Tribunal Supremo de Justicia
12 de junio de 2024CivilMag. Juan Carlos Berrios Albizu

Derecho Civil / Derecho Procesal Civil / Elementos comunes de procedimiento / Prueba

La parte recurrente denuncio que el Tribunal Ad quem, incurrió en defectuosa y errónea valoración integral de la prueba porque la decisión asumida no es la correcta ni obedece a la legalidad, puesto que la correcta valoración de la prueba permite tener constancia que la demandada reconvencionista no...

Proceso
Reivindicación
Sala
Civil
Año
2024

Texto del fallo

TRIBUNAL SUPREMO DE JUSTICIA

S A L A C I V I L

Auto Supremo: 579/2024

Fecha: 12 de junio de 2024

Expediente: CB-37-24-S

Partes: Daniel Ferrufino y Delina Tapia Quiroz Castro c/ María Candelaria Pardo.

Proceso: Reivindicación.

Distrito: Cochabamba.

VISTOS: El recurso de casación de fs. 380 a 386 vta. interpuesto por Daniel Ferrufino y Delina Tapia Quiroz representados por René Martínez Manríquez y Marina Tapia Quiroz, contra el Auto de Vista N° 47/2023 de 27 de junio, que sale de fs. 372 a 376 vta., pronunciado por la Sala Civil Segunda del Tribunal Departamental de Justicia de Cochabamba, en el proceso ordinario de reivindicación, seguido a instancia de los recurrentes contra María Candelaria Pardo, la contestación de fs. 389 a 393 vta.; el Auto de concesión de 07 de mayo de 2024, obrante a fs. 395; el Auto Supremo de Admisión N° 494/2024-RA, de 20 de mayo, de fs. 401 a 402 vta.; todo lo inherente al proceso; y:

CONSIDERANDO I:

ANTECEDENTES DEL PROCESO

Daniel Ferrufino y Delina Tapia Quiroz Castro representados por Nely Centeno Condori, por memorial de fs. 23 a 29 vta., subsanado por escrito de fs. 33 a 34 iniciaron proceso ordinario de reivindicación; pretensión que fue interpuesta contra María Candelaria Pardo Castro; quien una vez citada, por memorial obrante de fs. 92 a 103 vta. subsanado por escrito de fs. 110 a 113 vta., interpuso excepción de incompetencia por razón de territorio, contestó de forma negativa y reconvino por usucapión decenal.

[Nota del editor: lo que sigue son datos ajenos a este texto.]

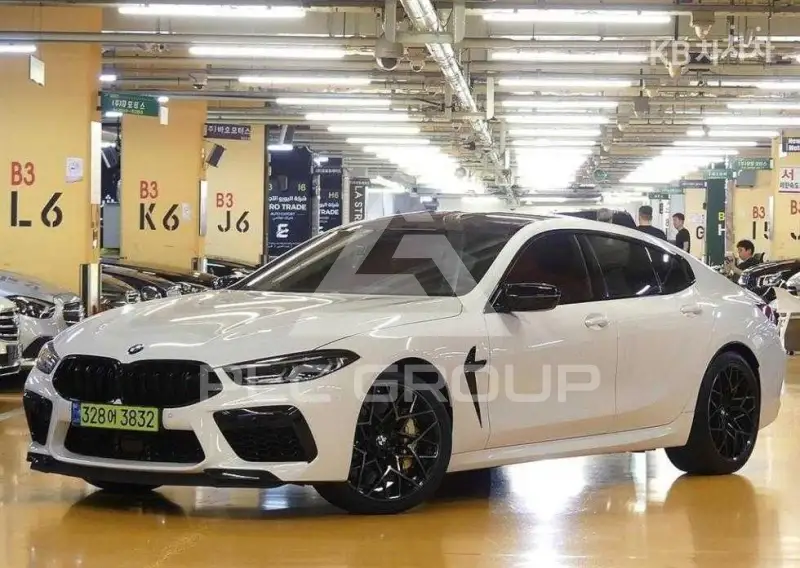 2025 BMW M1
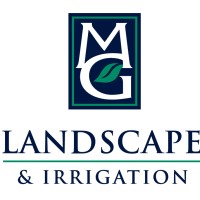 MG Landscape & Irrigation logo - Similar company to Mark M. Holeman, Inc.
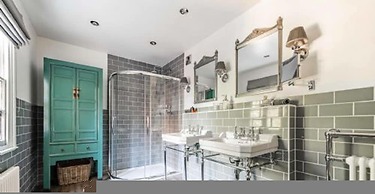 Host Stay Bressingham Lodge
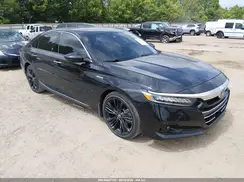 1HGCV3F91NA001991 2022 HONDA ACCORD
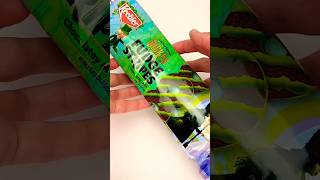Limited Edition Keebler WICKED Fudge Stripes Cookies #snacks #food # cookies #asmr #unboxing #fyp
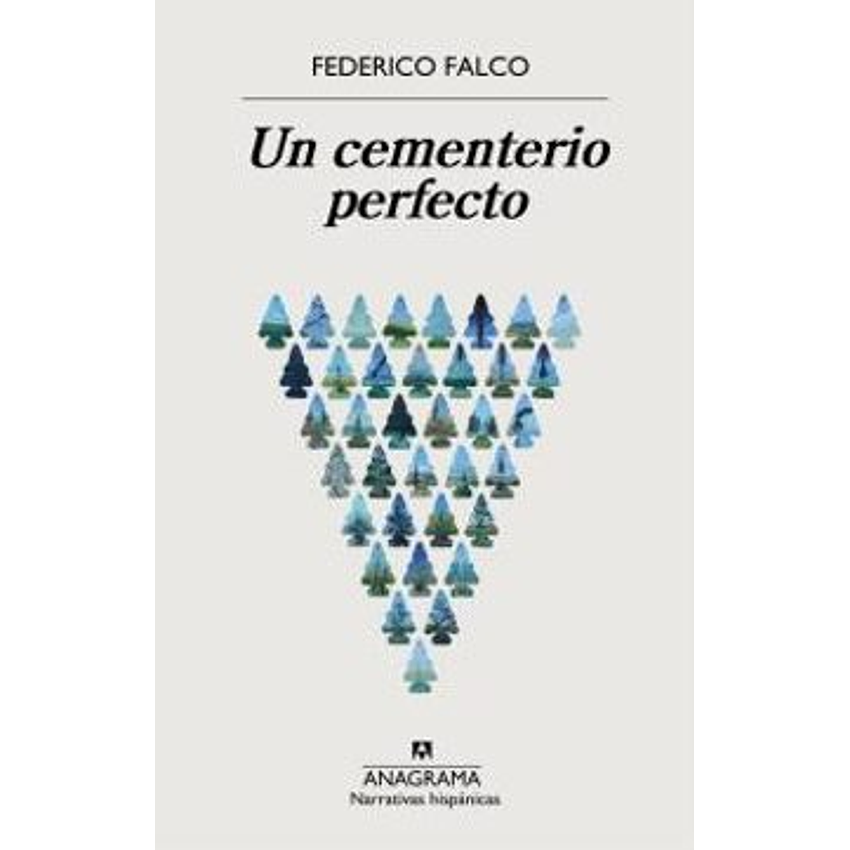 Un Cementerio Perfecto 1
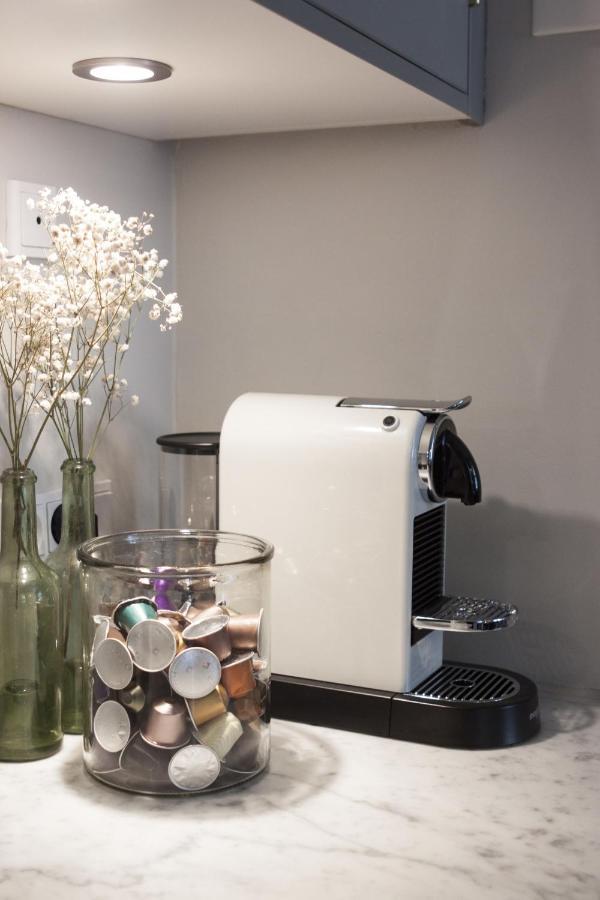 Apartmentincopenhagen Apartment 1184 Екстериор снимка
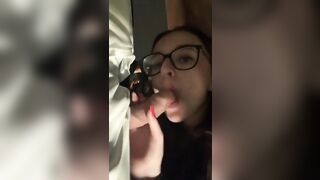 AMORE VOGLIO TROPPO SCOPARE !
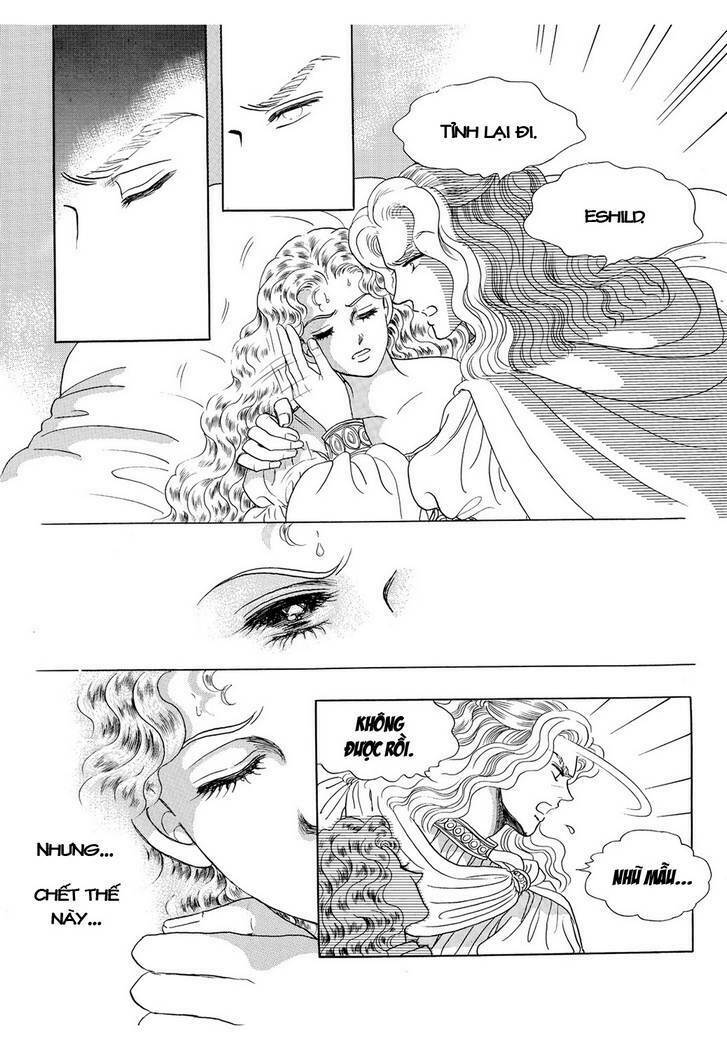 Princess Manhwa Chapter 19 - Trang 2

En audiencia preliminar de 13 de junio de 2019 cursante de fs. 196 a 200 vta. el Juez de la causa en virtud a la incomparecencia de los sujetos activos que no justificaron su inasistencia a una anterior audiencia, en atención a lo previsto en el art. 365.III del Código Procesal Civil, declaró por desistida la pretensión principal de reivindicación que estos interpusieron.

Sobre esos antecedentes, y tramitada que fue la causa, el Juez Público en materia Civil y Comercial Nº 126 de la ciudad de Cochabamba, pronunció la Sentencia N° 126/2019, de 13 de agosto, de fs. 317 a 321, declarando: 1) PROBADA la demanda reconvencional de usucapión decenal, sin costas ni costos por ser proceso doble. En consecuencia, consolidó la posesión y derecho propietario de una fracción de terreno de Daniel Ferrufino y Delina Tapia Quiroz, y reconoció el derecho de propiedad por usucapión decenal en favor de María Candelaria Pardo Castro solo sobre 121,28 m2, identificado como Predio N° 006 de una extensión superficial total de 521,28 m2 ubicado en la zona de Ushpa Ushpa, sobre la avenida Petrolera, manzana 736, distrito 08, sub distrito 34 de la provincia Cercado del departamento de Cochabamba registrado en Derechos Reales en la matrícula N° 3011010011150. Asimismo, dispuso que una vez ejecutoriada la sentencia, se proceda al registro del derecho adquirido sobre el registro propietario de Daniel Ferrufino y Delina Tapia Quiroz.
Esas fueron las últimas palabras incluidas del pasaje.